» Records for this task:
============

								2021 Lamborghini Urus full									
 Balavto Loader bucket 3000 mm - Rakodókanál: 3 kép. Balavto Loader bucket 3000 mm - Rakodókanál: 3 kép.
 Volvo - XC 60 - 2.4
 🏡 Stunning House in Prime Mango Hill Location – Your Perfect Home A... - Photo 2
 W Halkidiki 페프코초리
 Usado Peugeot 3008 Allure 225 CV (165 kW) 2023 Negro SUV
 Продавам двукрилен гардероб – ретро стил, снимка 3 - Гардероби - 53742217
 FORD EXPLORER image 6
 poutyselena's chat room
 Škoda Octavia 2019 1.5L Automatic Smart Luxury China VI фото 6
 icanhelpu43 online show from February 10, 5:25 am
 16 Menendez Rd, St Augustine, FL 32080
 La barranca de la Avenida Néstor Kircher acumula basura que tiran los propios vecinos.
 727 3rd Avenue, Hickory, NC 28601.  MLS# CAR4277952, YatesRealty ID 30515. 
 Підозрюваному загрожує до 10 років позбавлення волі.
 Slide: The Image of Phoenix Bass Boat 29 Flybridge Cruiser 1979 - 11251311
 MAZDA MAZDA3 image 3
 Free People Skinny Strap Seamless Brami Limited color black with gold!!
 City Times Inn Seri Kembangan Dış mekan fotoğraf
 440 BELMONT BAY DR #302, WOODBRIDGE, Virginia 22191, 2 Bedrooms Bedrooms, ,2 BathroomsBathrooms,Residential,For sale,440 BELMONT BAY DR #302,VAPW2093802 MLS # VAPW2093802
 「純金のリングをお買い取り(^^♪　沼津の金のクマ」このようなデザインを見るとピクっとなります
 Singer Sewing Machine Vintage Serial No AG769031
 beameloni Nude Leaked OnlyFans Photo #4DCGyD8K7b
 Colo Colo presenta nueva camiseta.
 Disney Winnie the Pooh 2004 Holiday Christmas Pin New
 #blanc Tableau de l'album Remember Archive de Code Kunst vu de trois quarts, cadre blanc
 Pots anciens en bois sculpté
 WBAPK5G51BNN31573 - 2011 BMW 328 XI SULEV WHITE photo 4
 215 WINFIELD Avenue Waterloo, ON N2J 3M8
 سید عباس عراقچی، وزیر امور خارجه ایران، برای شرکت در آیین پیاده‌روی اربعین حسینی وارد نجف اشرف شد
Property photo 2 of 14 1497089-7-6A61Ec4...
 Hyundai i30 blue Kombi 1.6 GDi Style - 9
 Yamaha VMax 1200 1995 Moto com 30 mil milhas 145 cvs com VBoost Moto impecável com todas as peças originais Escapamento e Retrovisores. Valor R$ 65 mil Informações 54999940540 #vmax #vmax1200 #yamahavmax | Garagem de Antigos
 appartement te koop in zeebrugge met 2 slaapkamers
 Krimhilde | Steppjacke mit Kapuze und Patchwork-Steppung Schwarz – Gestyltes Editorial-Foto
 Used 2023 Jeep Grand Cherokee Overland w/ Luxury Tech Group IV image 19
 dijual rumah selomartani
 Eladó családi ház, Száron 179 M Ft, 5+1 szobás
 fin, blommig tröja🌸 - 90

============

» The problem:
Please type the entries above out again exactly.

» Your response:
								2021 Lamborghini Urus full									
 Balavto Loader bucket 3000 mm - Rakodókanál: 3 kép. Balavto Loader bucket 3000 mm - Rakodókanál: 3 kép.
 Volvo - XC 60 - 2.4
 🏡 Stunning House in Prime Mango Hill Location – Your Perfect Home A... - Photo 2
 W Halkidiki 페프코초리
 Usado Peugeot 3008 Allure 225 CV (165 kW) 2023 Negro SUV
 Продавам двукрилен гардероб – ретро стил, снимка 3 - Гардероби - 53742217
 FORD EXPLORER image 6
 poutyselena's chat room
 Škoda Octavia 2019 1.5L Automatic Smart Luxury China VI фото 6
 icanhelpu43 online show from February 10, 5:25 am
 16 Menendez Rd, St Augustine, FL 32080
 La barranca de la Avenida Néstor Kircher acumula basura que tiran los propios vecinos.
 727 3rd Avenue, Hickory, NC 28601.  MLS# CAR4277952, YatesRealty ID 30515. 
 Підозрюваному загрожує до 10 років позбавлення волі.
 Slide: The Image of Phoenix Bass Boat 29 Flybridge Cruiser 1979 - 11251311
 MAZDA MAZDA3 image 3
 Free People Skinny Strap Seamless Brami Limited color black with gold!!
 City Times Inn Seri Kembangan Dış mekan fotoğraf
 440 BELMONT BAY DR #302, WOODBRIDGE, Virginia 22191, 2 Bedrooms Bedrooms, ,2 BathroomsBathrooms,Residential,For sale,440 BELMONT BAY DR #302,VAPW2093802 MLS # VAPW2093802
 「純金のリングをお買い取り(^^♪　沼津の金のクマ」このようなデザインを見るとピクっとなります
 Singer Sewing Machine Vintage Serial No AG769031
 beameloni Nude Leaked OnlyFans Photo #4DCGyD8K7b
 Colo Colo presenta nueva camiseta.
 Disney Winnie the Pooh 2004 Holiday Christmas Pin New
 #blanc Tableau de l'album Remember Archive de Code Kunst vu de trois quarts, cadre blanc
 Pots anciens en bois sculpté
 WBAPK5G51BNN31573 - 2011 BMW 328 XI SULEV WHITE photo 4
 215 WINFIELD Avenue Waterloo, ON N2J 3M8
 سید عباس عراقچی، وزیر امور خارجه ایران، برای شرکت در آیین پیاده‌روی اربعین حسینی وارد نجف اشرف شد
Property photo 2 of 14 1497089-7-6A61Ec4...
 Hyundai i30 blue Kombi 1.6 GDi Style - 9
 Yamaha VMax 1200 1995 Moto com 30 mil milhas 145 cvs com VBoost Moto impecável com todas as peças originais Escapamento e Retrovisores. Valor R$ 65 mil Informações 54999940540 #vmax #vmax1200 #yamahavmax | Garagem de Antigos
 appartement te koop in zeebrugge met 2 slaapkamers
 Krimhilde | Steppjacke mit Kapuze und Patchwork-Steppung Schwarz – Gestyltes Editorial-Foto
 Used 2023 Jeep Grand Cherokee Overland w/ Luxury Tech Group IV image 19
 dijual rumah selomartani
 Eladó családi ház, Száron 179 M Ft, 5+1 szobás
 fin, blommig tröja🌸 - 90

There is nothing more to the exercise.